▶ [Directions for this task] The answer is to be an exact copy of the lines below running from the line with "Shop Kate Spade" down to the line with "Guns N Roses", both ends included, and nothing more.

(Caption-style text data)
* * * * * * *

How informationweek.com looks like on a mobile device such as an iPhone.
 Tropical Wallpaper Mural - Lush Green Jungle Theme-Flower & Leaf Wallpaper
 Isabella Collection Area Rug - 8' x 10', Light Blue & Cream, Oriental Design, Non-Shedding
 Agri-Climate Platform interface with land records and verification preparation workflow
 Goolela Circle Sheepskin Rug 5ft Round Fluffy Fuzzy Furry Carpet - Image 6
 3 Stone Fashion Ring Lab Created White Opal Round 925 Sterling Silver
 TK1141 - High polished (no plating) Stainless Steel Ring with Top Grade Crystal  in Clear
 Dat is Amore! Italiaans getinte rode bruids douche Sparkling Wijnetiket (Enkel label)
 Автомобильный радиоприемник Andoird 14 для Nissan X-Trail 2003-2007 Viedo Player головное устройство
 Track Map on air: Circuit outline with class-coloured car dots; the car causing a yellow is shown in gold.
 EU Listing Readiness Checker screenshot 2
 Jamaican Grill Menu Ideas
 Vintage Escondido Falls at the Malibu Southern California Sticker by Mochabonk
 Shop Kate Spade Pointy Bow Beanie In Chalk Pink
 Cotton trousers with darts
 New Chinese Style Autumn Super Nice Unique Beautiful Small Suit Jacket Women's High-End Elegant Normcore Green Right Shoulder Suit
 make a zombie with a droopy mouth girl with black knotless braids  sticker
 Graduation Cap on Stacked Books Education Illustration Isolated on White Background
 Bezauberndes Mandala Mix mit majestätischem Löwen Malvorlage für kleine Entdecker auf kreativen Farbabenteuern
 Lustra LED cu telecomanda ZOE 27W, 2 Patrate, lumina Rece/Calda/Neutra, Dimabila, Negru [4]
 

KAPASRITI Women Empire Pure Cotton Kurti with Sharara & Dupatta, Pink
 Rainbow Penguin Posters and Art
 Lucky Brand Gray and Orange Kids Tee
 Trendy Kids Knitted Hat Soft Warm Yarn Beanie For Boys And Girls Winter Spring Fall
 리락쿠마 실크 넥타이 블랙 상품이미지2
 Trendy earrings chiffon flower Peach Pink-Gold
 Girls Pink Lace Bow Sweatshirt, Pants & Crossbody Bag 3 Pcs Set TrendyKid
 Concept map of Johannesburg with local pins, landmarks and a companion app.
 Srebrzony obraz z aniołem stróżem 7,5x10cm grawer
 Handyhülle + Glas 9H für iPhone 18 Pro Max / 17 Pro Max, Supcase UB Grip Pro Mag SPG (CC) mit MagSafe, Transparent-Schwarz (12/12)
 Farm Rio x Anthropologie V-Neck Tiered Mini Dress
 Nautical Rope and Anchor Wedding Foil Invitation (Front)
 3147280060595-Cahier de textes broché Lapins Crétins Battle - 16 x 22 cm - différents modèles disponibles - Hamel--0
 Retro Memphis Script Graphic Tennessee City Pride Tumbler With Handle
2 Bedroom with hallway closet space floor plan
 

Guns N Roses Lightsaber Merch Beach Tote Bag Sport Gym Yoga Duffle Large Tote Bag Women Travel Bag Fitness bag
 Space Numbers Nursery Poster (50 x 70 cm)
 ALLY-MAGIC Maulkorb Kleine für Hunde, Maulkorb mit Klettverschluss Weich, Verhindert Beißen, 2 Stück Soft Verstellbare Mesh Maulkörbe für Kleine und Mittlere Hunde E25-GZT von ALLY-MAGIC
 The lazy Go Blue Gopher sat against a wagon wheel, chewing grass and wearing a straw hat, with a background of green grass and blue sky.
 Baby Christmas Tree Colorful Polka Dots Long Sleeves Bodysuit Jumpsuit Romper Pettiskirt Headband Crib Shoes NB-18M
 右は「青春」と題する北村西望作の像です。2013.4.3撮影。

* * * * * * *

▶ [Response below]
 Shop Kate Spade Pointy Bow Beanie In Chalk Pink
 Cotton trousers with darts
 New Chinese Style Autumn Super Nice Unique Beautiful Small Suit Jacket Women's High-End Elegant Normcore Green Right Shoulder Suit
 make a zombie with a droopy mouth girl with black knotless braids  sticker
 Graduation Cap on Stacked Books Education Illustration Isolated on White Background
 Bezauberndes Mandala Mix mit majestätischem Löwen Malvorlage für kleine Entdecker auf kreativen Farbabenteuern
 Lustra LED cu telecomanda ZOE 27W, 2 Patrate, lumina Rece/Calda/Neutra, Dimabila, Negru [4]
 

KAPASRITI Women Empire Pure Cotton Kurti with Sharara & Dupatta, Pink
 Rainbow Penguin Posters and Art
 Lucky Brand Gray and Orange Kids Tee
 Trendy Kids Knitted Hat Soft Warm Yarn Beanie For Boys And Girls Winter Spring Fall
 리락쿠마 실크 넥타이 블랙 상품이미지2
 Trendy earrings chiffon flower Peach Pink-Gold
 Girls Pink Lace Bow Sweatshirt, Pants & Crossbody Bag 3 Pcs Set TrendyKid
 Concept map of Johannesburg with local pins, landmarks and a companion app.
 Srebrzony obraz z aniołem stróżem 7,5x10cm grawer
 Handyhülle + Glas 9H für iPhone 18 Pro Max / 17 Pro Max, Supcase UB Grip Pro Mag SPG (CC) mit MagSafe, Transparent-Schwarz (12/12)
 Farm Rio x Anthropologie V-Neck Tiered Mini Dress
 Nautical Rope and Anchor Wedding Foil Invitation (Front)
 3147280060595-Cahier de textes broché Lapins Crétins Battle - 16 x 22 cm - différents modèles disponibles - Hamel--0
 Retro Memphis Script Graphic Tennessee City Pride Tumbler With Handle
2 Bedroom with hallway closet space floor plan
 

Guns N Roses Lightsaber Merch Beach Tote Bag Sport Gym Yoga Duffle Large Tote Bag Women Travel Bag Fitness bag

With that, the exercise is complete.